A lot of new moms feel like they could use more help in those first few weeks. I wish I had thought about who I might need or want to talk to in those emotional, sleepy, overwhelming days.
Bottom line: you deserve and need help.
And you may need help in areas you hadn’t considered. Here are some roles you should try to enlist your friends and family to fill.
Your partner. If you have a partner in life and parenthood, you are obviously going to be leaning on them a lot during this time. Communicate with them. Tell them when you are at the end of your rope and you need ten minutes to shower. Tell them you want some time to just lie in bed with your baby.
Someone with which to discuss your birth. You’ll be amazed at how much you want to talk about and process your birth experience. You may feel proud or disappointed or overwhelmed or happy, but one thing is for sure: the birth process changes so much about your life. Poll your friends ahead of time. Know who won’t mind talking episiotomy or hemorrhoids or your water breaking or the intense sensation of crowning or the fear of having an unplanned c-section.
A breastfeeding buddy. Find another mama who has breastfed or is breastfeeding. If you don’t know anyone, check out your local La Leche League. They highly encourage expectant parents to come to their meetings. It’s nice to have someone who has been there. It’s even better if they can look at your latch or nurse in public with you.
Someone who is awake at night. You might be up in the middle of the night. You might want to call someone. It’s great if you have friends abroad who will be available to talk while you rock your new babe. Or maybe you have a great friend who doesn’t mind being woken.
Help around the house. Some of your friends may not know how to help. If you feel comfortable, let them know ahead of time, that you’d love help with laundry or cooking or dishes or vacuuming.
A non-baby focused friend. Of course, you want to talk about your birth and your baby and all things motherhood, but you may be dying to talk about something ELSE. Have someone on speed-dial who can fill you in on celeb gossip or discuss the Netflix shows you’ve been binging on.
A Doula. If you can afford it, postpartum doulas can be a great way to get the support you need. They can easily fill in any of the roles above. They are also up-to-date on all the resources that are out there, such as mothers’ support groups, help for postpartum depression, lactation consultants etc. Even if you don’t end up hiring one, many have resource lists on their websites (as do birth doulas). Have these kinds of sites bookmarked ahead of time. (Such as Kellymom. I know I went there with every single breastfeeding question I had in the middle of the night.) Search for doulas here.
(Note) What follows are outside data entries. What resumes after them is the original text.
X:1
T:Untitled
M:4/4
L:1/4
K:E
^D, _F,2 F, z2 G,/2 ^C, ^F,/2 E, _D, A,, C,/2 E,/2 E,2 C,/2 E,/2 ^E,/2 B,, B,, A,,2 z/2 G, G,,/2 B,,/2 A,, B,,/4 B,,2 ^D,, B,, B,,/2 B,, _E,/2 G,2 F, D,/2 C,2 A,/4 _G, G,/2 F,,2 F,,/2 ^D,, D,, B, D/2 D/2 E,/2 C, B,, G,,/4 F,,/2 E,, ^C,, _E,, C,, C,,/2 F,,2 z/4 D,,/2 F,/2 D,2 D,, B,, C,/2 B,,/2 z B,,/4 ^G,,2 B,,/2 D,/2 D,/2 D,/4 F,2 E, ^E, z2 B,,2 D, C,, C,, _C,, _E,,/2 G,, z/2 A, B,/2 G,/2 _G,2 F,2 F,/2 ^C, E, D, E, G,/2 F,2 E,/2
Enlist these people ahead of time. Put their numbers in your phone or on the fridge. If you are having a baby shower, ask your host to help. There are great websites out there such as meal train that will help you to coordinate visitors.
When my sister-in-law was expecting her second son, she didn’t need many clothes or baby items, so instead she asked people to volunteer to make meals for her family in those first few weeks.
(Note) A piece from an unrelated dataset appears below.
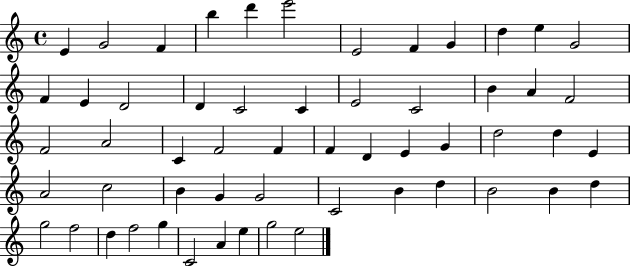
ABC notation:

My advice is to be upfront that you are hoping for help. I made a mistake in not asking for much help after the birth of my daughter. I think people assumed because I had done it before, I was covered. In truth, I was more overwhelmed because I had a busy three-year-old in addition to the new baby. I assumed I’d get as much if not more help than I had with my first. But I should have asked. I should have let people know what I needed when I needed it.
I’ll say it again: you deserve help and you should feel perfectly comfortable letting people know what you need. Think about these things before you give birth, so you can focus on your baby afterward.
And once you’ve lived through the amazing transformation into motherhood, remember all the things you needed and share your time and skills with other new mothers. We’re all in this together.